Роман “O’tgan Kunlar”(«Минувшие дни») узбекского писателя Абдуллы Кодири (Кадыри) – по-настоящему культовое произведение раннего узбекского реализма. Кодири имел трагическую судьбу, был репрессирован и расстрелян в 44-летнем возрасте. Его роман перевели на русский язык со значительными сокращениями только десять лет спустя его смерти.
Сегодня переводом романа на английский язык занимается американский специалист Марк Риз, директор Центра региональных исследований, Военно-морская академия США. Марк Риз изучает Центральную Азию уже 23 года, из которых 8 лет он посвятил полевой работе, включая программное управление и академические исследования. Его сайт The Uzbek Modernist (Узбекский модернист) посвящен, в первую очередь, роману и писателю, но также содержит библиографию по истории региона. В интервью CAAN он рассказывает о своей работе над переводом и делится другими интересными мыслями.
Наш первый вопрос очевиден: почему Кодири? Что привлекло вас в этом писателе? Он оставил не так много литературного наследия, и, к сожалению, не очень известен за пределами Узбекистана. Как вы считаете, что заинтересует в его романе англоязычную аудиторию?
С 1994 по 1996 год я работал в Корпусе мира в составе одной из первых волонтёрских групп этой организации в Коканде (Ферганская долина). Если до моего приезда сюда у меня не было абсолютно никакого представления о Советской Центральной Азии, то и к концу волонтёрской работы у меня оставалось больше вопросов, чем ответов. В те времена существовало всего несколько словарей и языковых пособий по узбекскому языку, а на карте Советского Союза внизу маленькой звёздочкой был отмечен только Ташкент – у самой границы с Афганистаном.
Будучи молодым парнем из Аризоны, я был немного «колхозником». Но Коканд был прекрасным местом для работы и я получил бесценную возможность увидеть консервативное общество изнутри. Все стереотипы, которые господствовали у нас на Западе – о Советском Союзе, мусульманской культуре и исламе, о новых независимых государствах – все оказались абсолютно ложными. Во многих отношениях, я думаю, люди в Узбекистане научили меня гораздо большему, чем я научил их.
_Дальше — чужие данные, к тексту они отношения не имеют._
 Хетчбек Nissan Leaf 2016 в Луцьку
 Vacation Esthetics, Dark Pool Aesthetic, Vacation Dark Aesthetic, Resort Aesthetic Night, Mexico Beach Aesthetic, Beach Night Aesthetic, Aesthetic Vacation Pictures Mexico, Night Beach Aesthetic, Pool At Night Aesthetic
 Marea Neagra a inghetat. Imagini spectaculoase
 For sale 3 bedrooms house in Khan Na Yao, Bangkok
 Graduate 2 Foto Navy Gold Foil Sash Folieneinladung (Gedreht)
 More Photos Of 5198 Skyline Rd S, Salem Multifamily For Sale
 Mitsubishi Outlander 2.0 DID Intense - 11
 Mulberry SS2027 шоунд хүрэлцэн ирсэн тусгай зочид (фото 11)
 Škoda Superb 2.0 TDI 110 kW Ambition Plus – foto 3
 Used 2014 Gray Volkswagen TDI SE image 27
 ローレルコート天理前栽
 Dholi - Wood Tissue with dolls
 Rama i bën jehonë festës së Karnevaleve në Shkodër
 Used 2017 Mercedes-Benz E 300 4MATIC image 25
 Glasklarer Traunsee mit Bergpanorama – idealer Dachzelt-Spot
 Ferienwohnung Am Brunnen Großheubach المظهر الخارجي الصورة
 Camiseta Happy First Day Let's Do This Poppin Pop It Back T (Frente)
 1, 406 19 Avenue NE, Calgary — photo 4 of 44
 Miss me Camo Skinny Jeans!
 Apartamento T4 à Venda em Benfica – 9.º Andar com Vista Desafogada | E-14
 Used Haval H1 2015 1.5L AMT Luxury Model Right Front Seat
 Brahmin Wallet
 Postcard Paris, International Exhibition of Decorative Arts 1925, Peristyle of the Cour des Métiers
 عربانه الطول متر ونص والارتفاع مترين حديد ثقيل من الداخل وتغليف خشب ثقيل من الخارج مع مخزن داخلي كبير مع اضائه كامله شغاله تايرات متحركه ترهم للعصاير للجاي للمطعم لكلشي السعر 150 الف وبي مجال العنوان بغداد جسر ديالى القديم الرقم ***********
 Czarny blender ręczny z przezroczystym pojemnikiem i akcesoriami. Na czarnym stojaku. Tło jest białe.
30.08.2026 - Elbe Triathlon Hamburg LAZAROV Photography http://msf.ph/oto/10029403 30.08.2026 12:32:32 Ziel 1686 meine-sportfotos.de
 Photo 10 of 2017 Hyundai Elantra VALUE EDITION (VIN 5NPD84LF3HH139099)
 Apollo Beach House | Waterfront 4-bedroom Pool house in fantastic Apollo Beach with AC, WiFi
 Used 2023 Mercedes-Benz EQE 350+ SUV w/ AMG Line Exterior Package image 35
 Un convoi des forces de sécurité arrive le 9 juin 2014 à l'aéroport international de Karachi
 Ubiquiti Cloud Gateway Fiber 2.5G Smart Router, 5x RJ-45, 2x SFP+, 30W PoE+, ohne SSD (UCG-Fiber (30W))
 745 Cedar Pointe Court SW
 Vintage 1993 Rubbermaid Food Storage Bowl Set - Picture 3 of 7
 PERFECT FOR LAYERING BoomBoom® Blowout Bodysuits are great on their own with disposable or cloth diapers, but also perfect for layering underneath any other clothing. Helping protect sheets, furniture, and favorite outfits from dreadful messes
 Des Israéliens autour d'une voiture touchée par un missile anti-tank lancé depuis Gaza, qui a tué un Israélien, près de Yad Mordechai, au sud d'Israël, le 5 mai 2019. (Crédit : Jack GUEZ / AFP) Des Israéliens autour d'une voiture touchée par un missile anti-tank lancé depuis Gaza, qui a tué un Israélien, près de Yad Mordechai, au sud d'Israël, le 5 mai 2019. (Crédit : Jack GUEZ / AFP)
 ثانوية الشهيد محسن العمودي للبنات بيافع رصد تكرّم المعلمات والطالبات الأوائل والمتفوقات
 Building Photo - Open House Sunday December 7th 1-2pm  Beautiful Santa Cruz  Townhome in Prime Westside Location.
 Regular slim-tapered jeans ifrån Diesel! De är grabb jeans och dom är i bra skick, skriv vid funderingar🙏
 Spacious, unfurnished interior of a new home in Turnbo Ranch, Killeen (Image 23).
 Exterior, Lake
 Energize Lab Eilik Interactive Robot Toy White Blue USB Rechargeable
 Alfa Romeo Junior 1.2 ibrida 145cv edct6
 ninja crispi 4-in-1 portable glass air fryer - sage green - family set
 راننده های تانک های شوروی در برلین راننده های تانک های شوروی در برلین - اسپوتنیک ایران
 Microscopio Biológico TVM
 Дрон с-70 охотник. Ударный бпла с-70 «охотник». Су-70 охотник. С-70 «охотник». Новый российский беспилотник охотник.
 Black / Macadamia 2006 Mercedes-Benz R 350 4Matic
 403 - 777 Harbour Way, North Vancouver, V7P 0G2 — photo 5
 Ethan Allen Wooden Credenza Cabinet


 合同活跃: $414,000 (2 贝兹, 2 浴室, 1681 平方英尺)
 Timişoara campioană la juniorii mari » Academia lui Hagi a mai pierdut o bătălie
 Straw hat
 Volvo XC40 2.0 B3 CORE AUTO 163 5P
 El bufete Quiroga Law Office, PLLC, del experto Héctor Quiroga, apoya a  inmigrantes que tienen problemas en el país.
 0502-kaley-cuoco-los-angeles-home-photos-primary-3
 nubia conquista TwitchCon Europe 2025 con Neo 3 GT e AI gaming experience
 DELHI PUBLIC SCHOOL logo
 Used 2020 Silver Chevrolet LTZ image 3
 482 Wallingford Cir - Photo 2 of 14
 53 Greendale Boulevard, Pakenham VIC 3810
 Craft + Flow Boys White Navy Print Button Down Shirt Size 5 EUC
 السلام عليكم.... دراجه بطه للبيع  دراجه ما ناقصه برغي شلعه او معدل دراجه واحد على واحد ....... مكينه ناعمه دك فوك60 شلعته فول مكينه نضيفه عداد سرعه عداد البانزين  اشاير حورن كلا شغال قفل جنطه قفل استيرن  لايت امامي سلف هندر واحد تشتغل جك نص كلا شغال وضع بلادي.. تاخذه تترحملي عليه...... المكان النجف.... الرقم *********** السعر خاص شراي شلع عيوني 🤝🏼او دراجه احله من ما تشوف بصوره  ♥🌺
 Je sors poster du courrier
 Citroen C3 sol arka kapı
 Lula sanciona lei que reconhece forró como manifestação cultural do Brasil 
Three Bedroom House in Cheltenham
После возвращения я поступил в аспирантуру Вашингтонского университета, что дало мне прочный научный фундамент для тех знаний, которые я приобрёл во время моей работы в Узбекистане. Во время моей учебы произошёл теракт 11 сентября. В Ташкент я вернулся в 2002 году, чтобы подготовиться к университетским экзаменам, а также провести сравнительные религиозные исследования по моему гранту. Для подготовки к экзаменам мне надо было перевести только три первые главы «O’tgan Kunlar» («Минувшие дни»). Но после того, как я начал чтение, я уже не мог остановиться, пока не дочитал весь роман и не узнал, чем все закончилось.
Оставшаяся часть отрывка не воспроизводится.